Что касается законов политических и социальных, французы 1789 года считали, что неписанная конституция, организовавшая монархию с Генеральными Штатами отменена с 1615 г., так как уже с этого времени Штаты не созывались. Им казалось, что деспотизм Людовика XV представлялся более умеренным в силу «права порицания», возвращенного парламентам. Если деспотизм Людовика XVI еще более умерялся добродушием государя и установлением провинциальных собраний, то, — выражаясь стилем того времени, — законов искали ощупью и не находили. Тщетно Тюрго говорил королю в своей «Записке о муниципалитете»: «Вы могли бы править, как Бог, при помощи общих законов». Людовик XVI считал своим долгом оставаться деспотом, правда отечески добрым, но все же деспотом, и передать нетронутой своему преемнику ту абсолютную власть, которую он получил от Людовика XV, и которую в свою очередь тот принял от Людовика XIV.

Законом являлась опять-таки единственно королевская воля, капризно выражавшаяся в различных королевских актах: эдиктах, ордонансах, постановлениях Совета и патентах.

Этой королевской воле ставили в упрек не ее королевское происхождение, но ее бессилие. Бессилие это, в глазах современников, лишало королевские акты характера закона.

Этот закон, этот лже-закон местами выполнялся, местами нарушался, местами просто оставался неизвестным. Некоторые эдикты, зарегистрированные одним или несколькими парламентами, не регистрировались другими, которые отвергали их, как негодные. Быть может, незначительные или второстепенные эдикты? Нет: речь идет об эдиктах важных, общегосударственного значения, как, например, эдикт 1787 г., который, возвращая гражданскую запись актов состояния протестантам, приближал признание свободы совести; эти-то эдикты, из-за сопротивления некоторых парламентов нельзя было применить во всей Франции, что лишало их отличительной черты современного закона — всеобщности.
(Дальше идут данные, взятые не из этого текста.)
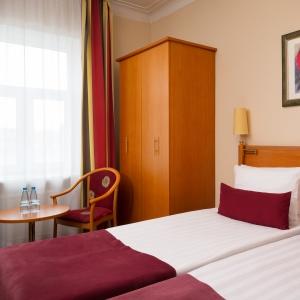 Hotel Oktiabrskaya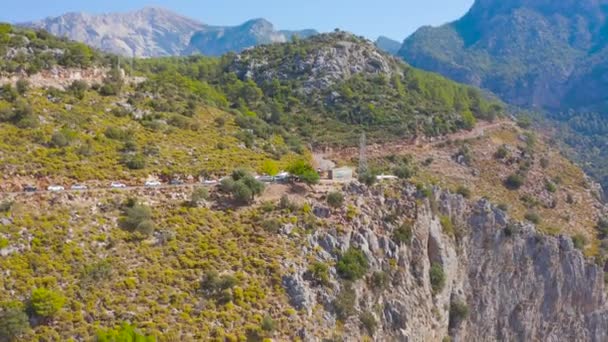 Oludeniz yakınlarındaki Kelebek Vadisi yüksek kanyon ve deniz, Fethiye, Türkiye. Seyahat ve doğa kavramı. Türkiye 'deki Ege dağı kıyısında. Hava görüntüsü 4K. — Stok video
Этим королевским законам вредили также их противоречия и краткосрочность. Так, институт цеховых присяжных и мастеров, упраздненный в 1776 г. был восстановлен год спустя.

Бессилию королевского суверенитета противопоставлялась уже в умах мощь народного суверенитета в том виде, в каком его идеально изобразил Жан-Жак Руссо, или в какой он осуществлялся в Северо-Американских Соединенных Штатах. Верили, что законы, созданные этим народным суверенитетом — будут подлинными законами, то есть выражением общей воли, и как таковые они будут всеобщими, постоянными, — будут выполняться.

Наказы Генеральных Штатов единодушно требуют, наконец, законов. В этом новшестве для них, самая суть Революции. В этих наказах нет ни планов, ни идей насилия. Напротив; все они хотят на место существующего беспорядка, который до некоторой степени тождественен насилию, поставить порядок, закон. Они требуют конституции, которую они называют также Хартией, договором французов. Они желают, чтобы король — которому они выражают верность, часто доходящую до поклонения, — был живым законом, и чтобы в то же время он стал или снова сделался выразителем общей воли.

В чем источник закона для составителей этих наказов? В народе? В короле? Они этого сами хорошо не знают. Они продолжают рассматривать короля, как наследственного двигателя прогресса. Только увидав его несостоятельность, французы изменили это мнение. Но и в начале 1789 г., когда они выражают свои пожелания, они еще не вполне сознают себя суверенным народом.

Лишь собравшись в Версале, их представители осознают этот суверенитет народа; они заявляют, что закон есть выражение общей воли, что является по существу революцией. Они сохраняют трон со всем величием королевского аппарата, но низводят королевскую власть до роли выразителя и исполнителя этой общей воли.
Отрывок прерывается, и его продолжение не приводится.